Task: Take the data below and extract the lines from the one with "Captain Quadratische Wanduhr (Winkel)" to the one with "아트박스/카멜마운트 셀프밸런스 듀얼 모니터암 BMA-2D", inclusive, exactly as written.

[Records from a data source]
——

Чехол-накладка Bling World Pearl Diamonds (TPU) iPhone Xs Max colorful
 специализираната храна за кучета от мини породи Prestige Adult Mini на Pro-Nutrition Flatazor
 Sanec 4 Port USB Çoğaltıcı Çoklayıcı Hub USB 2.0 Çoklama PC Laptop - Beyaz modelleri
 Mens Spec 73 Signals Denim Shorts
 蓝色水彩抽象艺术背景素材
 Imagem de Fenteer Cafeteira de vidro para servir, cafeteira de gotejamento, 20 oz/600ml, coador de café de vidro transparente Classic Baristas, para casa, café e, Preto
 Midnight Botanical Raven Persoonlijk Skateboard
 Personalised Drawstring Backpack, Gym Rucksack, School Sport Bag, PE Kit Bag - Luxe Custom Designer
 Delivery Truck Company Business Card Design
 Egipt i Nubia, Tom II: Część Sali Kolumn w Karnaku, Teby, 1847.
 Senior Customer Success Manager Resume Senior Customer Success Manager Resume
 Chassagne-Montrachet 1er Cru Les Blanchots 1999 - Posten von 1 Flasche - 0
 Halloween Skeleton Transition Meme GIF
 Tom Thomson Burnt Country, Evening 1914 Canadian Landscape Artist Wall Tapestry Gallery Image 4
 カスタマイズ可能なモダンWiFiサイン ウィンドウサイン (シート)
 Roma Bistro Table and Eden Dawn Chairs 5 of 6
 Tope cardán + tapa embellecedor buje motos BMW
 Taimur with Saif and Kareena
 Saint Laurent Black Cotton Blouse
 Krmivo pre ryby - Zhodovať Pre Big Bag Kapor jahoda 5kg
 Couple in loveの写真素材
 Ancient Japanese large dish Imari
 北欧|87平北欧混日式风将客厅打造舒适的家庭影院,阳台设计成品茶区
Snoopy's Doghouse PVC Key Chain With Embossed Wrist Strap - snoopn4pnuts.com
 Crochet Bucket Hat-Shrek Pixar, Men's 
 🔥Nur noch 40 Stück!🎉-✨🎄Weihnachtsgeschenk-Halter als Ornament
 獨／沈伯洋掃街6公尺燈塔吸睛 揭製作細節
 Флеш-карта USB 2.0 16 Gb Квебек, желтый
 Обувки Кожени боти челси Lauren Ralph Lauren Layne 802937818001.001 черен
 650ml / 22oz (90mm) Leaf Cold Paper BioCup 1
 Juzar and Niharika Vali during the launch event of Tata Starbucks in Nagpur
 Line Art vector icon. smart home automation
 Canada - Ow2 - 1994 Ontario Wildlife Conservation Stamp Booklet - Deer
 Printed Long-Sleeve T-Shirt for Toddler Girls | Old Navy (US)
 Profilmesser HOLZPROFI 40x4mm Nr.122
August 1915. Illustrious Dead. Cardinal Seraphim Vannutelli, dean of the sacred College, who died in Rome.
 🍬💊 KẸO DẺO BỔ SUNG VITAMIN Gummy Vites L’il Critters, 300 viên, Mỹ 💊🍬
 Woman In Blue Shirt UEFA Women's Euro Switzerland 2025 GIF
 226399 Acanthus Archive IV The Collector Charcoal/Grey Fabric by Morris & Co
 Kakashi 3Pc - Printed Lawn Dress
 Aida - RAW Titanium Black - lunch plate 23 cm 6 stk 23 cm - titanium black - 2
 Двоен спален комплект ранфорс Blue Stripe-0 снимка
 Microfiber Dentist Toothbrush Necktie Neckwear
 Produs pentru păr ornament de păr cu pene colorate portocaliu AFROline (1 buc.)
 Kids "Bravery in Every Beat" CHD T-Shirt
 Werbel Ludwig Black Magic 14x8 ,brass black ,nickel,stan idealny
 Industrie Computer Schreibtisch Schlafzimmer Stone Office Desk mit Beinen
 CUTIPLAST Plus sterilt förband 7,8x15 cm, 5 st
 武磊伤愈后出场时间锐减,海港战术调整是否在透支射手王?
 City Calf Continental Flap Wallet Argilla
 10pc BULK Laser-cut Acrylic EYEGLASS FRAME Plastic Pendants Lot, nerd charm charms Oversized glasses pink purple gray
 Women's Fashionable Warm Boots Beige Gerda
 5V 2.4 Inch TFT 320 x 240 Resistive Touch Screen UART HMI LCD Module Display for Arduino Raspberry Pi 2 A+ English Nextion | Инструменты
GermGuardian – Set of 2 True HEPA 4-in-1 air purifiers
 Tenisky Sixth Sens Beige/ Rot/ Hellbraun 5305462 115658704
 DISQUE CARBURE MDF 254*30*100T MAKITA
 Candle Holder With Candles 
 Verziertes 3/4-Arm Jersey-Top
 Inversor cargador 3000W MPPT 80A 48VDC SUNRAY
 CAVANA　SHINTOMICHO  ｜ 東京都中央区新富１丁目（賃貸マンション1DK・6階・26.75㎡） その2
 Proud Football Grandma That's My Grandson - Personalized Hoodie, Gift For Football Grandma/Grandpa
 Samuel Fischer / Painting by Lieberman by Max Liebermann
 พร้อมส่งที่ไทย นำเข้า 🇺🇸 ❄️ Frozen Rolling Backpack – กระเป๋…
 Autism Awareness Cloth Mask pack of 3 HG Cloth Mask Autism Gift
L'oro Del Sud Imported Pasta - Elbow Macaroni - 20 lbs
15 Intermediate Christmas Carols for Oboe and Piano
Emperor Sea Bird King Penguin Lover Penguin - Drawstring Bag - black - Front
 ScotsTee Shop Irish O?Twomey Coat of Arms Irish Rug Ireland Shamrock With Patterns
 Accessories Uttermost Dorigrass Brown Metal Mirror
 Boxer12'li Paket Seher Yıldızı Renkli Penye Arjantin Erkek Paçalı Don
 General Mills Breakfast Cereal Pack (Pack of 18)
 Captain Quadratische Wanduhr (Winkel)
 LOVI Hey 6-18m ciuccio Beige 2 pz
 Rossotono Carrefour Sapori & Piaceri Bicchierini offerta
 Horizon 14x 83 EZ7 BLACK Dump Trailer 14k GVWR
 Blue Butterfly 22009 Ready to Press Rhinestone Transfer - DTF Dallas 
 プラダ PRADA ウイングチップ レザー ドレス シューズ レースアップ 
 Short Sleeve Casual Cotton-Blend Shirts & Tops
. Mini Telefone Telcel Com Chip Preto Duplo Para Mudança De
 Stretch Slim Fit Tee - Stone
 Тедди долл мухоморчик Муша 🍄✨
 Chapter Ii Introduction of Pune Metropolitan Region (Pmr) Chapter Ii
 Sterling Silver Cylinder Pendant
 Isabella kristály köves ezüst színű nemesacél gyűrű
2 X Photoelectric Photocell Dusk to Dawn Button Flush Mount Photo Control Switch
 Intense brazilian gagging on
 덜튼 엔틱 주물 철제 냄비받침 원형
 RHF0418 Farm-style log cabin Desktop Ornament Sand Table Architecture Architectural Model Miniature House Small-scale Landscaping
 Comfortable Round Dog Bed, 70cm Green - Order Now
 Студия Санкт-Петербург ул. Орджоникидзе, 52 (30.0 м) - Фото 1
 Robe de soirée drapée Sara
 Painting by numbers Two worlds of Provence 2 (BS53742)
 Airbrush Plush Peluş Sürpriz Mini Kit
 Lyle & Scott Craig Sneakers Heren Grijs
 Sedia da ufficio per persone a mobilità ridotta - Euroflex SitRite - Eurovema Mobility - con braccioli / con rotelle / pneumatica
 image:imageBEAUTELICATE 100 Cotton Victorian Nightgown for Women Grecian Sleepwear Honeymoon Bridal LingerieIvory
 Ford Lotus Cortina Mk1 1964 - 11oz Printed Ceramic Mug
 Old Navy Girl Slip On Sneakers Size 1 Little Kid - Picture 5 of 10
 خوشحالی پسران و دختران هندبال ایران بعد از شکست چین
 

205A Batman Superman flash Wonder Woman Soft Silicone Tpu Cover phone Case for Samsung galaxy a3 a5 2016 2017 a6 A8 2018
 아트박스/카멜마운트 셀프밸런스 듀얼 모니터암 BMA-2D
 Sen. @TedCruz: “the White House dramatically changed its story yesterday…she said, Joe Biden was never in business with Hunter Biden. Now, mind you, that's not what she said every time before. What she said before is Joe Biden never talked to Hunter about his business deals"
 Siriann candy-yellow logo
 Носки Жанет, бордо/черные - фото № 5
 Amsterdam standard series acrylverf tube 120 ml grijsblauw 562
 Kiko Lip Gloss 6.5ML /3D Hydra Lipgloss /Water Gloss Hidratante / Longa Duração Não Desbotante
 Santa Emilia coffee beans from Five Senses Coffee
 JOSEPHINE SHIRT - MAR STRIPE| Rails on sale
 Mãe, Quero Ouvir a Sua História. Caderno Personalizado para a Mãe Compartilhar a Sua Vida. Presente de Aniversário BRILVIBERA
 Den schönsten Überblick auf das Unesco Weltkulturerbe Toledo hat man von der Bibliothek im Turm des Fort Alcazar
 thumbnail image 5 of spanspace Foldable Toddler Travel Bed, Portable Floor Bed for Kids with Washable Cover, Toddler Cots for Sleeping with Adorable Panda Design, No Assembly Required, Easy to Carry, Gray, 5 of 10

——

Solution to the exercise:
 Captain Quadratische Wanduhr (Winkel)
 LOVI Hey 6-18m ciuccio Beige 2 pz
 Rossotono Carrefour Sapori & Piaceri Bicchierini offerta
 Horizon 14x 83 EZ7 BLACK Dump Trailer 14k GVWR
 Blue Butterfly 22009 Ready to Press Rhinestone Transfer - DTF Dallas 
 プラダ PRADA ウイングチップ レザー ドレス シューズ レースアップ 
 Short Sleeve Casual Cotton-Blend Shirts & Tops
. Mini Telefone Telcel Com Chip Preto Duplo Para Mudança De
 Stretch Slim Fit Tee - Stone
 Тедди долл мухоморчик Муша 🍄✨
 Chapter Ii Introduction of Pune Metropolitan Region (Pmr) Chapter Ii
 Sterling Silver Cylinder Pendant
 Isabella kristály köves ezüst színű nemesacél gyűrű
2 X Photoelectric Photocell Dusk to Dawn Button Flush Mount Photo Control Switch
 Intense brazilian gagging on
 덜튼 엔틱 주물 철제 냄비받침 원형
 RHF0418 Farm-style log cabin Desktop Ornament Sand Table Architecture Architectural Model Miniature House Small-scale Landscaping
 Comfortable Round Dog Bed, 70cm Green - Order Now
 Студия Санкт-Петербург ул. Орджоникидзе, 52 (30.0 м) - Фото 1
 Robe de soirée drapée Sara
 Painting by numbers Two worlds of Provence 2 (BS53742)
 Airbrush Plush Peluş Sürpriz Mini Kit
 Lyle & Scott Craig Sneakers Heren Grijs
 Sedia da ufficio per persone a mobilità ridotta - Euroflex SitRite - Eurovema Mobility - con braccioli / con rotelle / pneumatica
 image:imageBEAUTELICATE 100 Cotton Victorian Nightgown for Women Grecian Sleepwear Honeymoon Bridal LingerieIvory
 Ford Lotus Cortina Mk1 1964 - 11oz Printed Ceramic Mug
 Old Navy Girl Slip On Sneakers Size 1 Little Kid - Picture 5 of 10
 خوشحالی پسران و دختران هندبال ایران بعد از شکست چین
 

205A Batman Superman flash Wonder Woman Soft Silicone Tpu Cover phone Case for Samsung galaxy a3 a5 2016 2017 a6 A8 2018
 아트박스/카멜마운트 셀프밸런스 듀얼 모니터암 BMA-2D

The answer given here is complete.